Nestled in the heart of Oregon’s wine country, the Dundee Fire Station satisfies the needs of both the growing fire department staff and the greater Dundee community. Designers were tasked with designing a new station that would reflect the character of the community, encourage maximum workspace efficiency, and accommodate their anticipated growth over the next thirty years. In addition, designers were tasked with developing a solution that would allow the city’s existing fire station to remain operational during construction and worked carefully with the city to determine a building location and site design that would address this request.
The station consists of 17,500 SF of space, including expanded living accommodations with dedicated bunks, gender neutral toilets (single occupancy), and an improved kitchen, as well as dining and dayroom areas. In addition, a large multi-purpose room was created to serve the needs of the city, fire department, and surrounding community.

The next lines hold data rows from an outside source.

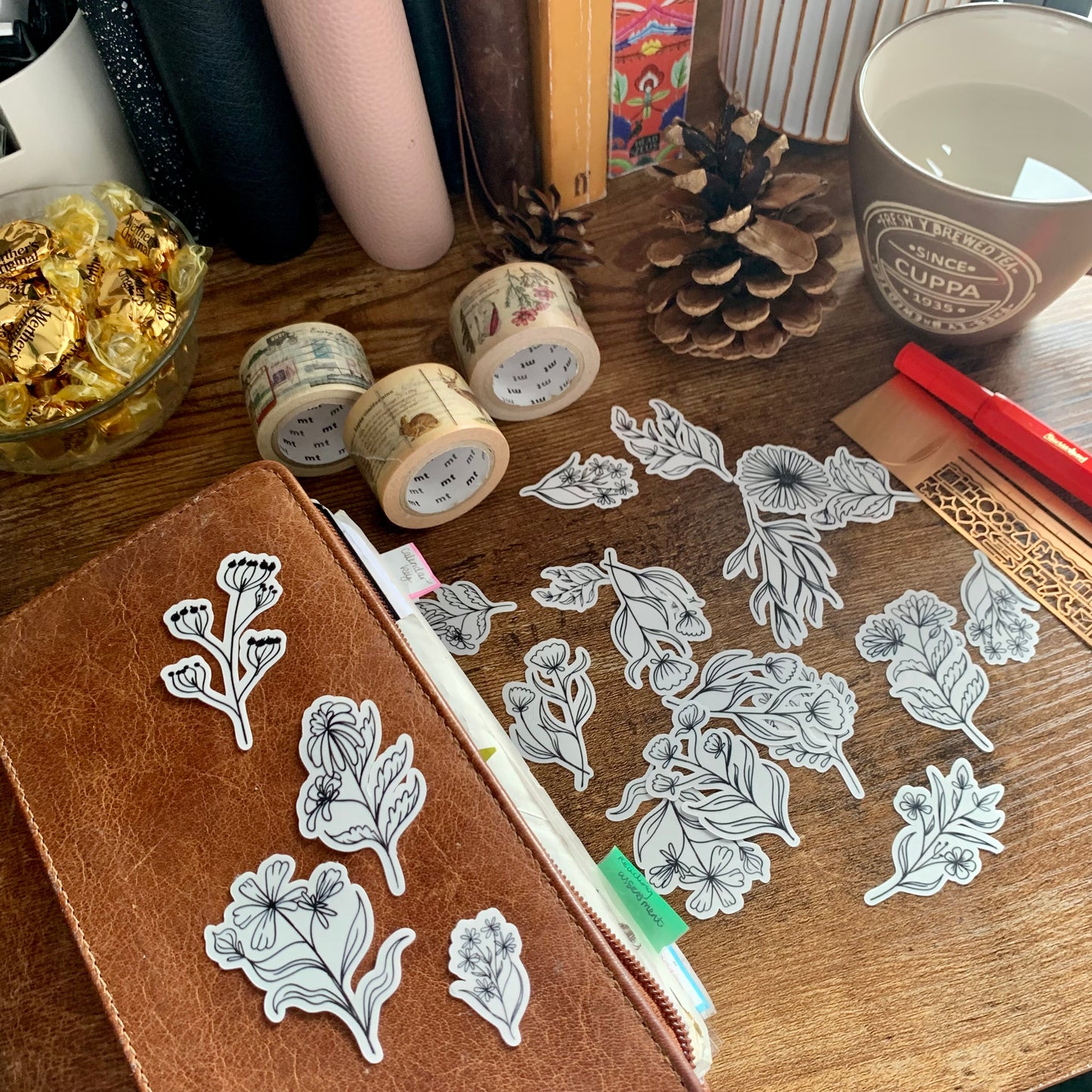 Minimal Floral Sticker Flakes - Pack of 21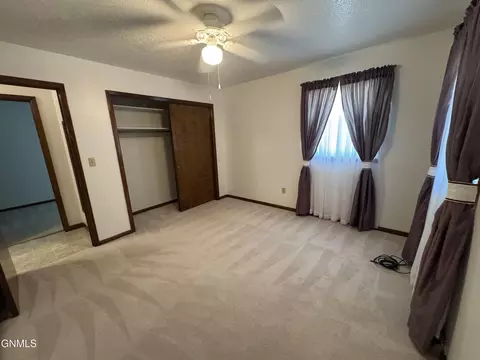 724 10th St E, Dickinson, ND 58601 photo 18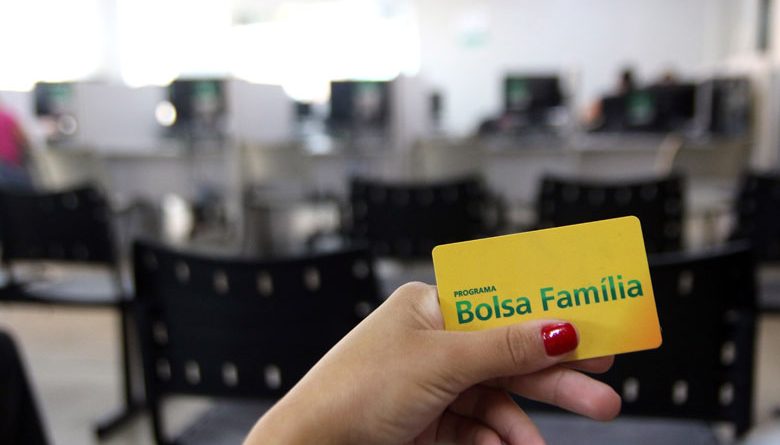 Caixa Econômica paga Bolsa Família a beneficiários de NIS de final 6 - Foto:Reprodução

The new apparatus bay is significantly larger than the previous bay space. The station also features skylights and clerestories in the bays to provide extensive, natural daylighting, and an adjacent stair tower for training as well as access to the mezzanine. The design allowed for a phased construction process to accommodate the existing station operations through the entire construction process. A Structural Insulated Panel System (SIPS) design with a masonry veneer was used in the construction. This innovative building design is resilient, energy efficient, and cost effective.
Designers initially worked with the City of Dundee on a space needs assessment for the fire department to determine the requirements and associated costs for multiple development scenarios for the new station that would encourage growth over a 30-year period.